While this sounds simple, the cumbersome aspect comes in the method. In order to keep the milk from scorching while it heats and to keep it evaporating efficiently, we have to keep it on very low heat and whisk it often. And honestly, I have yet to make a batch where I haven't scorched it, even when my burner is on its very lowest setting and I whisked every five minutes for hours on end.
But then I realized an easier way was to be had. 🙂
Slow cooker, to the rescue!
A slow cooker is an easy way to heat the milk evenly without scorching it – or at least minimizing the amount that sticks to the sides.
It's also a fairly hands-off method, so you can go about your day much more freely without having to remember to whisk the milk every few minutes. I still take off the skin that forms on the top every hour or so, just to keep it evaporating efficiently and to minimize the amount that sticks to the side, but other than that, you can just let it sit while you go about your day.

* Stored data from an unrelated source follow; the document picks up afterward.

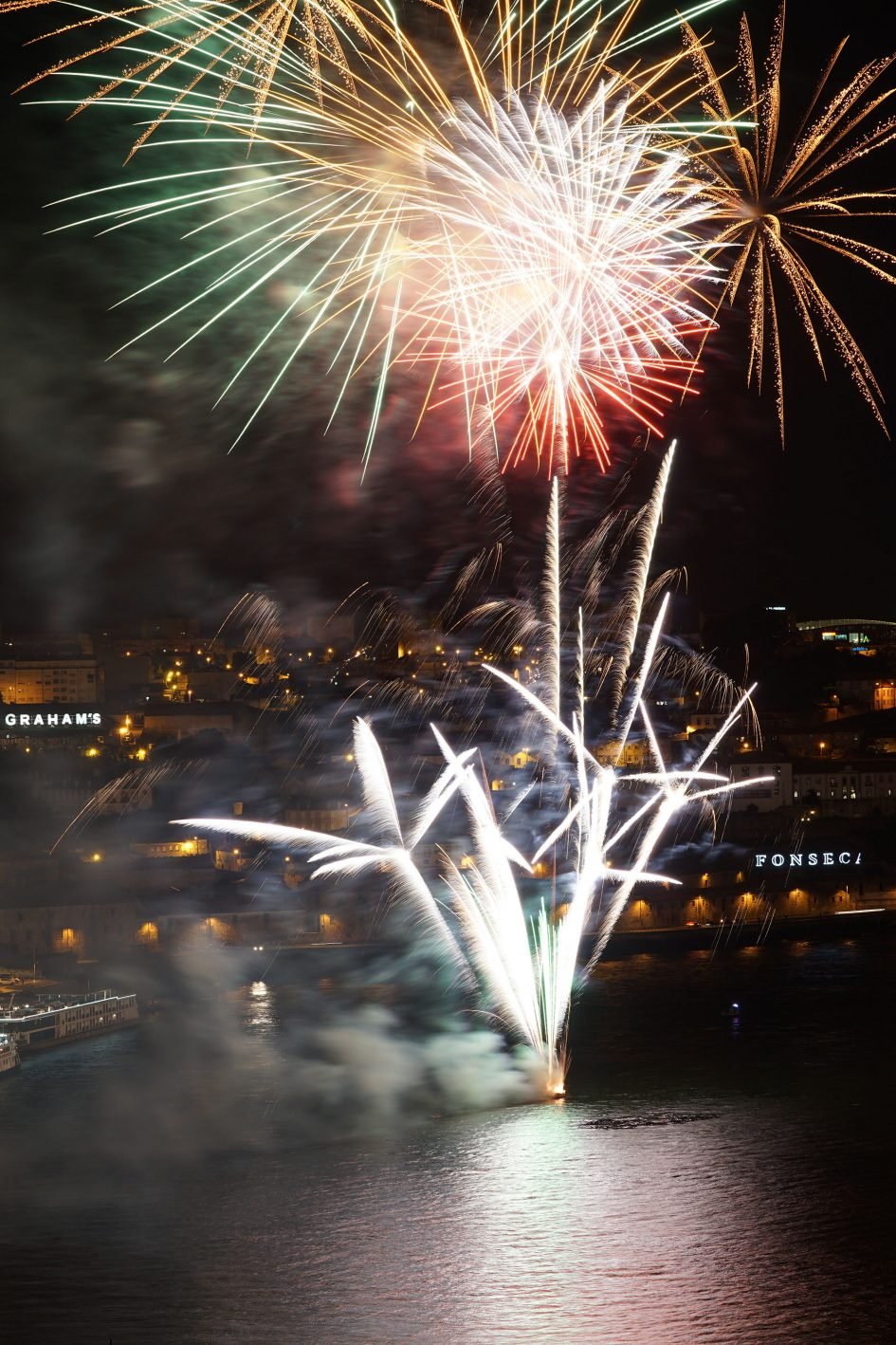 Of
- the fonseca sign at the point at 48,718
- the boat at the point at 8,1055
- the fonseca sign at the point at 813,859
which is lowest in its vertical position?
the boat at the point at 8,1055

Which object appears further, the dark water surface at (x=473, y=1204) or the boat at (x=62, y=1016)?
the boat at (x=62, y=1016)

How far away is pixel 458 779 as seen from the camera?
6969 millimetres

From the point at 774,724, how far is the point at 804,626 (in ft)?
34.9

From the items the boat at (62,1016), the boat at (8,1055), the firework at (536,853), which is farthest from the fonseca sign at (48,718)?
the boat at (8,1055)

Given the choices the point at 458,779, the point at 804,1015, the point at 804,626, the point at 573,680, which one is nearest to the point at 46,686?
the point at 573,680

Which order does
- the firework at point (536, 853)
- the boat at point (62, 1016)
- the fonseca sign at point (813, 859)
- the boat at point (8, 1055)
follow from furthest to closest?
the fonseca sign at point (813, 859) → the boat at point (62, 1016) → the boat at point (8, 1055) → the firework at point (536, 853)

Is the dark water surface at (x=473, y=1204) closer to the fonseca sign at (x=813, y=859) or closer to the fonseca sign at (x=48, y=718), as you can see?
the fonseca sign at (x=813, y=859)

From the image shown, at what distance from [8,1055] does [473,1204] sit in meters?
4.02

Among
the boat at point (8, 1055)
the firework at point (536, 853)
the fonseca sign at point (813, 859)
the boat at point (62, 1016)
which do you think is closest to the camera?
the firework at point (536, 853)

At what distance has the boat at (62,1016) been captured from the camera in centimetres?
1004

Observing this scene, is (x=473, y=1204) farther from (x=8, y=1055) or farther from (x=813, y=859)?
(x=813, y=859)

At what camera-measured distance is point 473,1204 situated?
6703 mm

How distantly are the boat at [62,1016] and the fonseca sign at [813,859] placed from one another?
671cm

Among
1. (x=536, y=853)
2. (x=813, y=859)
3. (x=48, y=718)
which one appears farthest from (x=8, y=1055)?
(x=48, y=718) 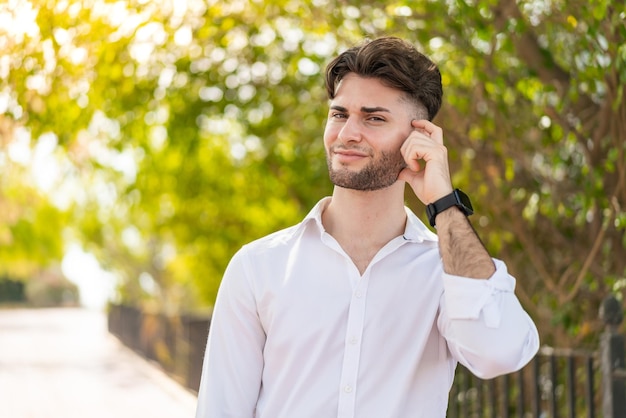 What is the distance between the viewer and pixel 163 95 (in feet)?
29.1

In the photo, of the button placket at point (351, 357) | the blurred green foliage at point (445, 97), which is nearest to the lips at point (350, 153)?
the button placket at point (351, 357)

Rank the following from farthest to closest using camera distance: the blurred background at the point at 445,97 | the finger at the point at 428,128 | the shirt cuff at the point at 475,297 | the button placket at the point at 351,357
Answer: the blurred background at the point at 445,97 → the finger at the point at 428,128 → the button placket at the point at 351,357 → the shirt cuff at the point at 475,297

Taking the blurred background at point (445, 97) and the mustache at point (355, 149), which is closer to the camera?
the mustache at point (355, 149)

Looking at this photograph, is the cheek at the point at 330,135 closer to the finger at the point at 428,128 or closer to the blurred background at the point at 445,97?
the finger at the point at 428,128

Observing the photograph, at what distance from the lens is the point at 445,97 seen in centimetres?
686

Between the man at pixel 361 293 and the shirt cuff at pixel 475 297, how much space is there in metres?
0.11

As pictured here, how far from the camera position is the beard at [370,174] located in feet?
8.88

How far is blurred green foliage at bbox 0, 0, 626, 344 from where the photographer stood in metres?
5.84

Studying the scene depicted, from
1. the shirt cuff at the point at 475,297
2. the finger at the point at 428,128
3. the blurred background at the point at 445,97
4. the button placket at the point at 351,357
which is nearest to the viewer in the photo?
the shirt cuff at the point at 475,297

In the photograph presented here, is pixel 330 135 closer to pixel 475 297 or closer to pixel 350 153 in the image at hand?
pixel 350 153

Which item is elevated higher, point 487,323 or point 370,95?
point 370,95

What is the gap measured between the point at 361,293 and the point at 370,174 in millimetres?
315

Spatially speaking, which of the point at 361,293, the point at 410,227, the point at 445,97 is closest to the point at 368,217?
the point at 410,227

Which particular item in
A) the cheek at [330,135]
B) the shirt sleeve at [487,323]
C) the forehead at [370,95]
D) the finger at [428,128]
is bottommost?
the shirt sleeve at [487,323] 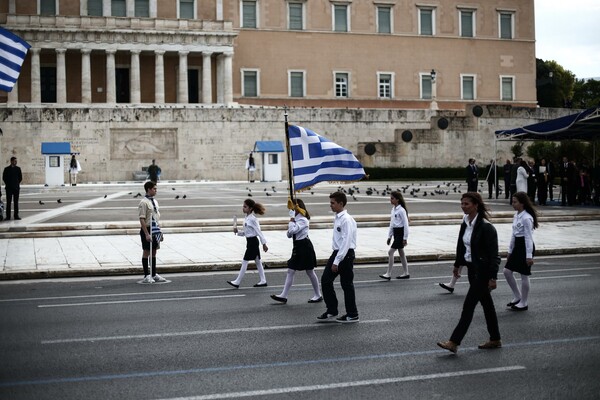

Oh, and please remember that slow cookers vary wildly in their temperatures and in their volume, so while I've listed what typically works for me, just keep an eye on yours and adjust as needed. I suggest giving yourself at least 24 hours for this project the first time you make it. You likely won't need anywhere near that amount of time, but better safe than sorry. 🙂
- 2 quarts (8 cups) of milk
- First, pour three cups of water into the empty slow cooker and use a ruler to measure the depth. Note this measurement, as this is the depth your milk will be when it is finished.
- Pour water out and place the milk in the slow cooker. Heat on high for 18-20 hours with the lid off, unless you notice scorching, then switch it to low. Remove the skin that forms on the top periodically, especially toward the end of cooking, but don't scrape up any milk that cooks onto the sides.
- When the evaporated milk has reached the desired depth, pour into a clean jar or pitcher and use in your favorite recipes. Store in the refrigerator for up to one week.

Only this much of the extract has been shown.